§ **Working data**:
☆ ☆ ☆ ☆ ☆ ☆ ☆
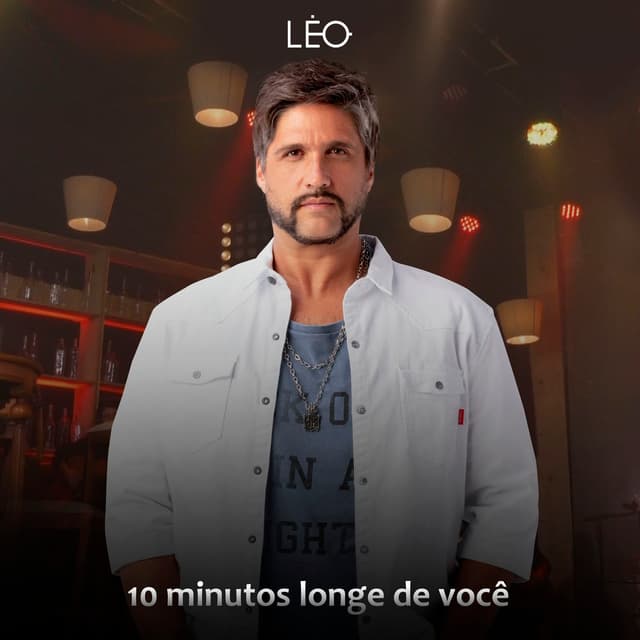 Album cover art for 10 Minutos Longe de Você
☆ ☆ ☆ ☆ ☆ ☆ ☆
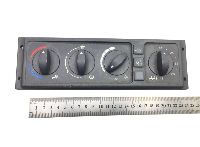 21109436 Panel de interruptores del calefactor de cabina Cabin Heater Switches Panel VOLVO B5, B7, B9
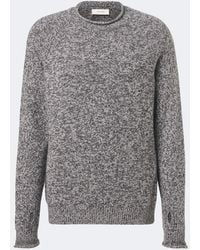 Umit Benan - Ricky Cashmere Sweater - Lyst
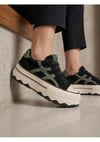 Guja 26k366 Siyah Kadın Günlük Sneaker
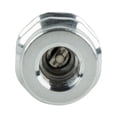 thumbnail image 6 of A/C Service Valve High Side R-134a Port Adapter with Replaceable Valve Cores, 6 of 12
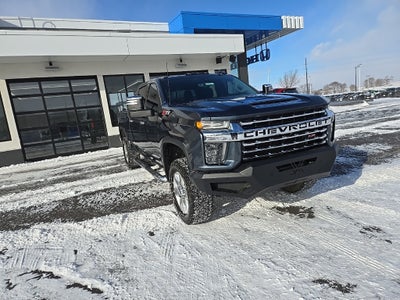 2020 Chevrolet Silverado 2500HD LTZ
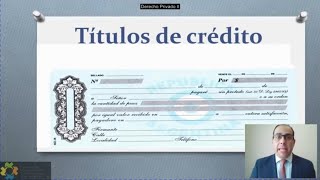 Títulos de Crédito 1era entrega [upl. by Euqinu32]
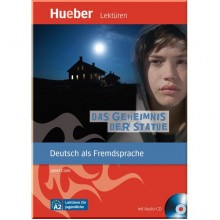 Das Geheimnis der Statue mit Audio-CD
☆ ☆ ☆ ☆ ☆ ☆ ☆
§ **What you need to do**: In the listing above, find the line containing "Umit Benan - Ricky Cashmere Sweater - Lyst". Output it and every line after it up to and including the line containing "Das Geheimnis der Statue mit Audio-CD", exactly, but skip the pictures.

§ **Result for this task**:
 Umit Benan - Ricky Cashmere Sweater - Lyst
 Guja 26k366 Siyah Kadın Günlük Sneaker
 thumbnail image 6 of A/C Service Valve High Side R-134a Port Adapter with Replaceable Valve Cores, 6 of 12
 2020 Chevrolet Silverado 2500HD LTZ
 Títulos de Crédito 1era entrega [upl. by Euqinu32]
 Das Geheimnis der Statue mit Audio-CD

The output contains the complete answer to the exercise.